• Data in this exercise:
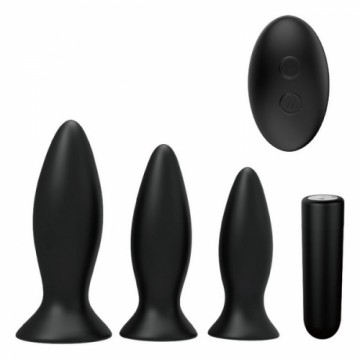 Dubultais Spraudnis Blackdoor No. 11 S Pleasures Melns (3 pcs)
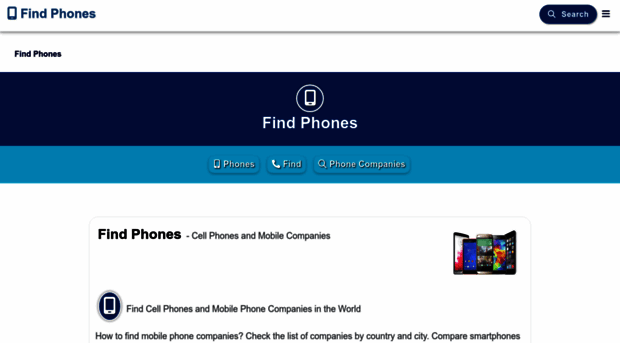 find-phones.com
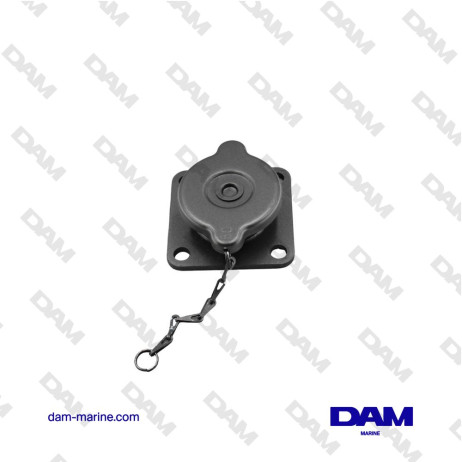 TAPA TAPA INTERCAMBIADOR YANMAR 120445-44600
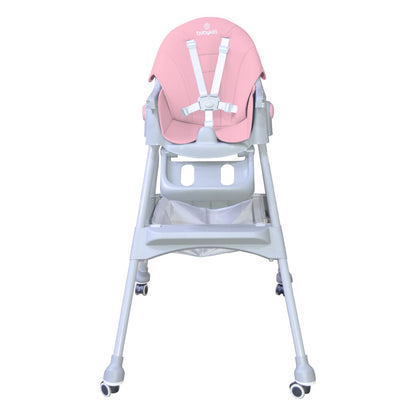 Silla de Comer Steps Plus, Rosado vista 5 - Baby Kit´s
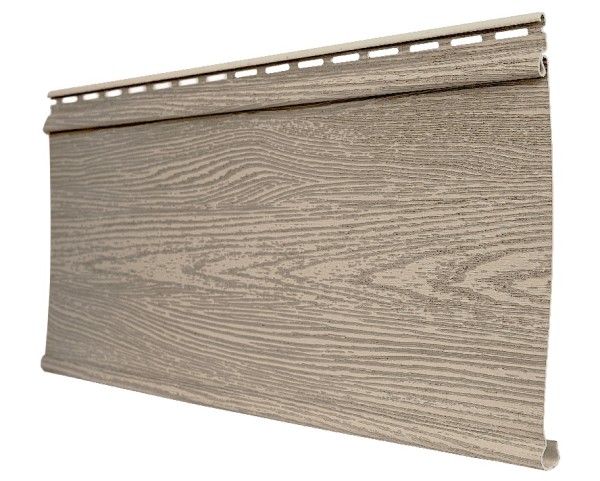 Виниловый сайдинг tecos, серия lux - Облицовочная доска, - сибирский кедр купить в Александрове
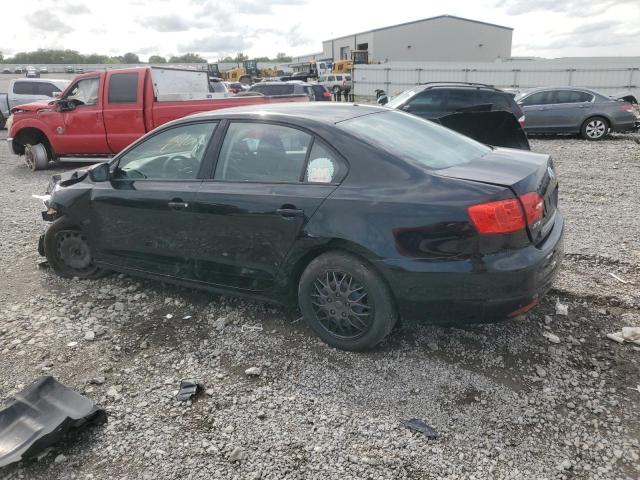 3VW2K7AJ1CM402594 - 2012 VOLKSWAGEN JETTA BASE 黑色 照片 2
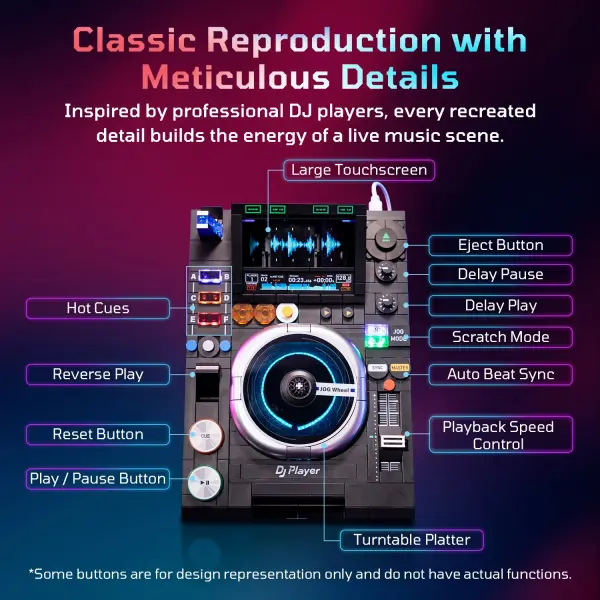 DJ Player Deck - 869 pcs — image 8 of 11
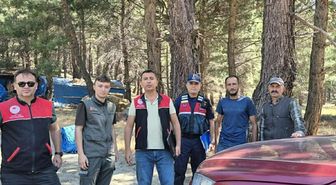 Havran'da arıcı ve hayvancılara yangın denetimi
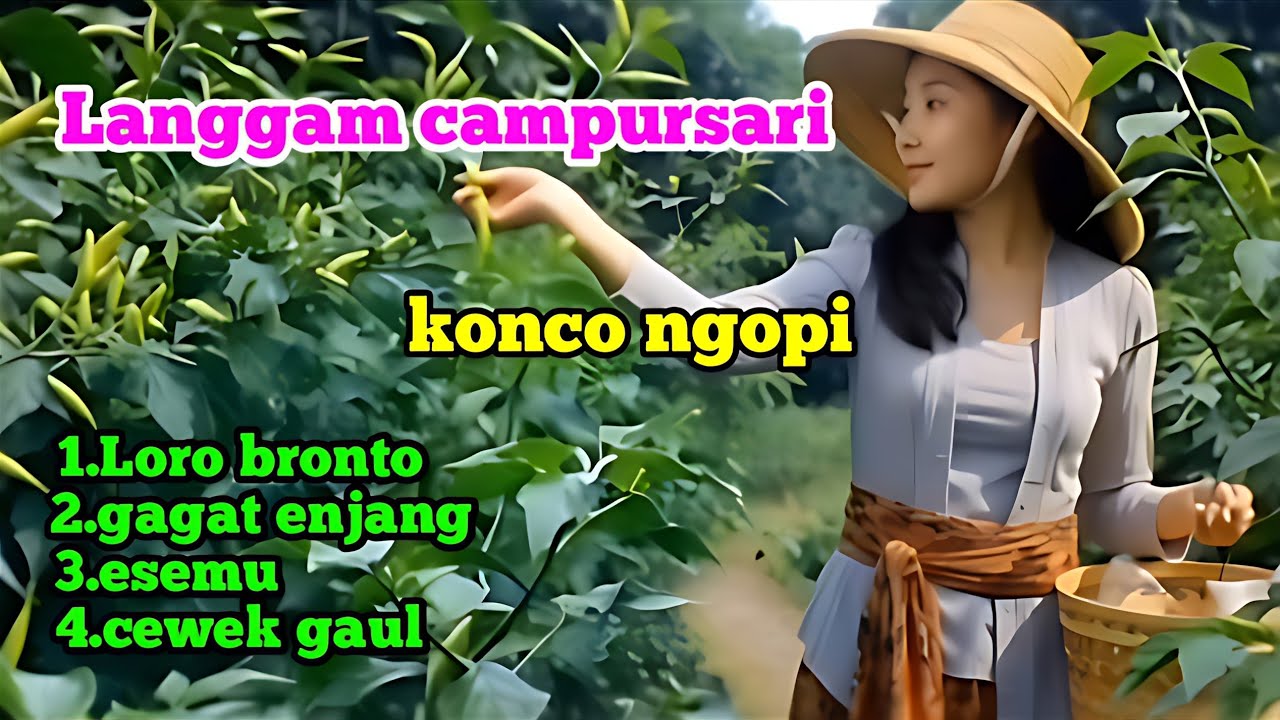 Langgam Campursari ngangeni ati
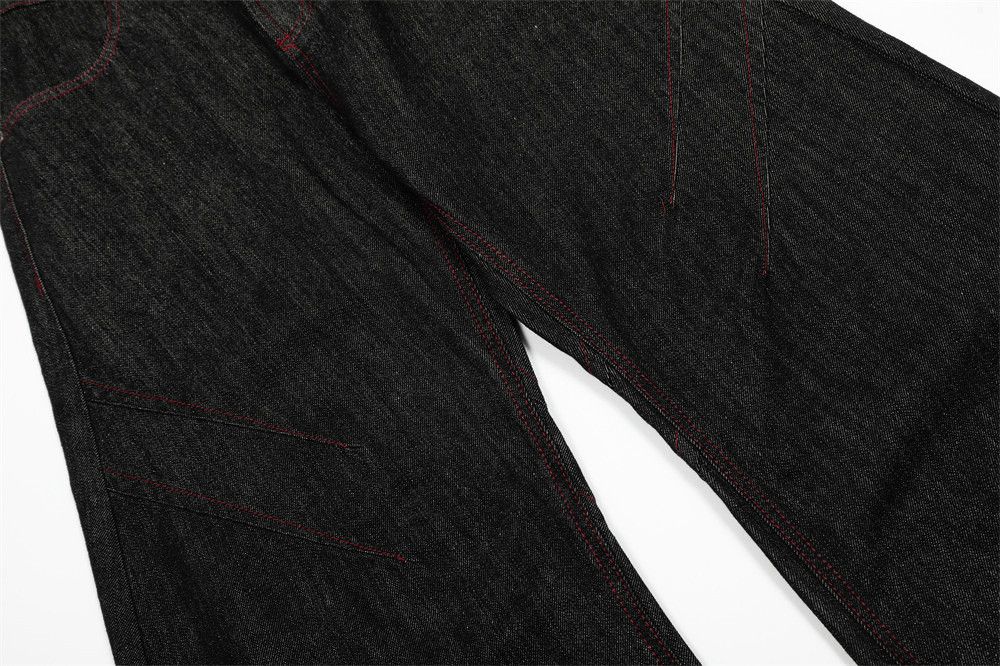 Japanese Brand × Jean American high street men's loose scimitar jeans Size US 32 / EU 48 - 7 Thumbnail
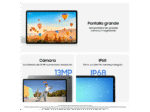 SAMSUNG Galaxy Tab S10 FE Wi-Fi, Tablet, 256 GB, 10,9 Zoll, Gray – Bild 5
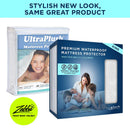 Waterproof Mattress Protector - White - King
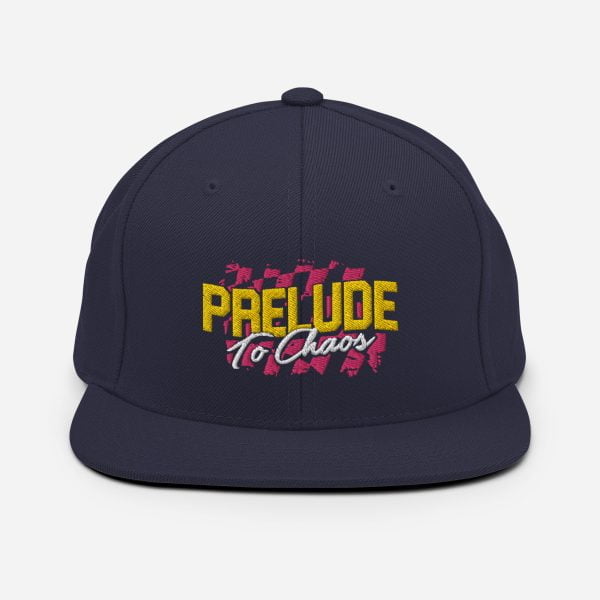 Honda Prelude to Chaos Snapback Hat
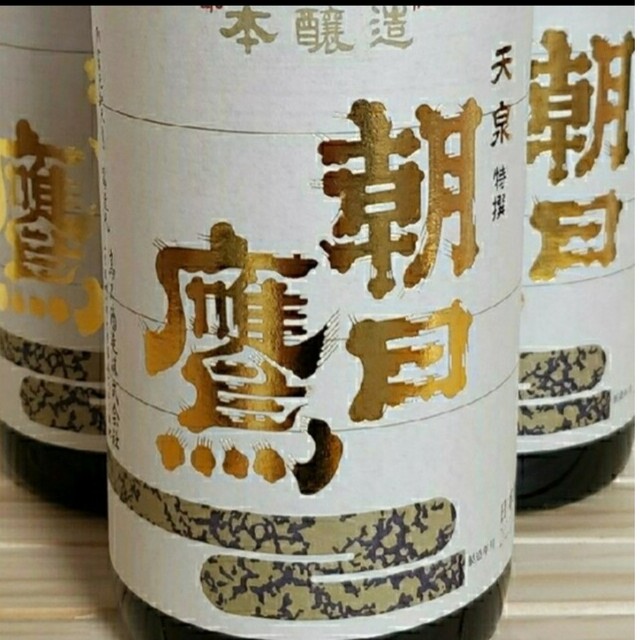 高木酒造 朝日鷹 1800ml 6本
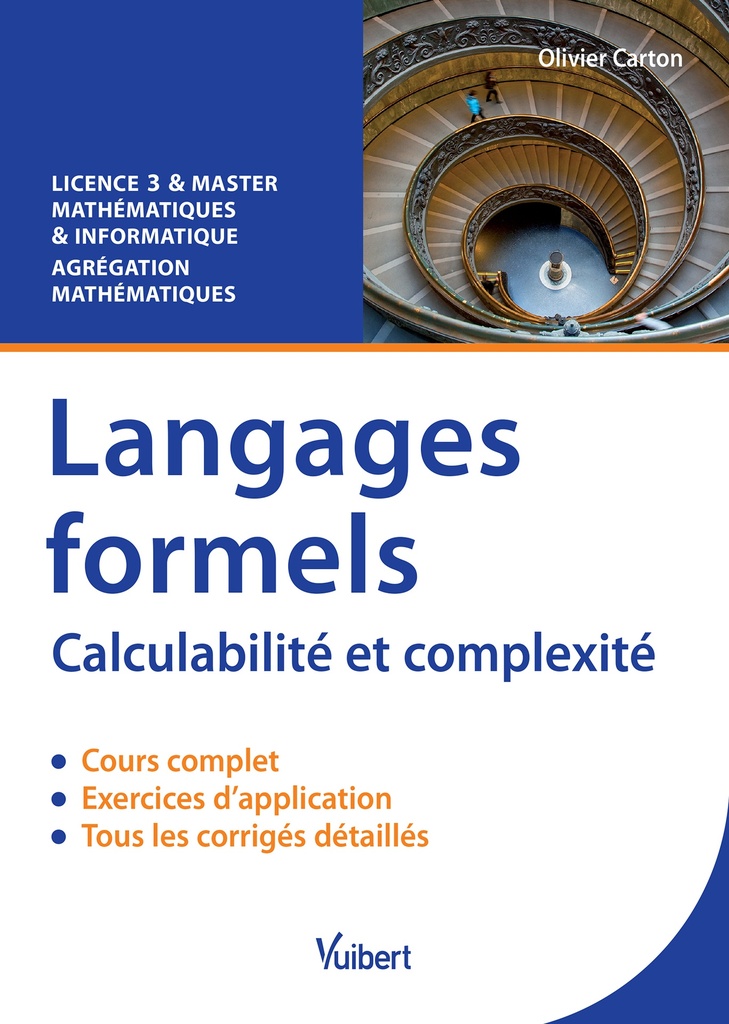 [9782311014006] Langages formels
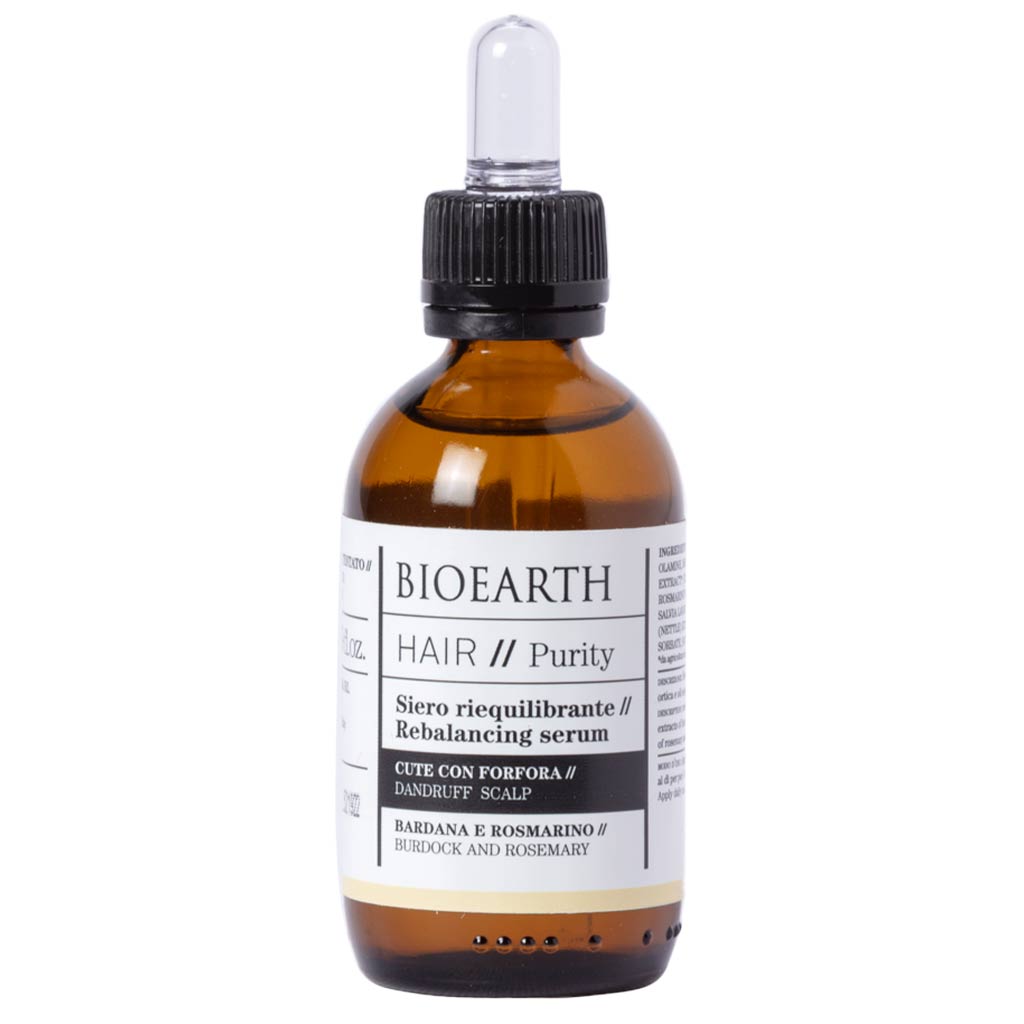 Bioearth HAIR 2.0 Tasapainottava seerumi hiuspohjalle-Bioearth-Hyvinvoinnin Tavaratalo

• Assigned task: Where a picture appears in the records above, omit it, and transcribe exactly the stretch of lines from the one with "Виниловый сайдинг tecos, серия" through the one with "Langgam Campursari ngangeni ati".

• Written response:
 Виниловый сайдинг tecos, серия lux - Облицовочная доска, - сибирский кедр купить в Александрове
 3VW2K7AJ1CM402594 - 2012 VOLKSWAGEN JETTA BASE 黑色 照片 2
 DJ Player Deck - 869 pcs — image 8 of 11
 Havran'da arıcı ve hayvancılara yangın denetimi
 Langgam Campursari ngangeni ati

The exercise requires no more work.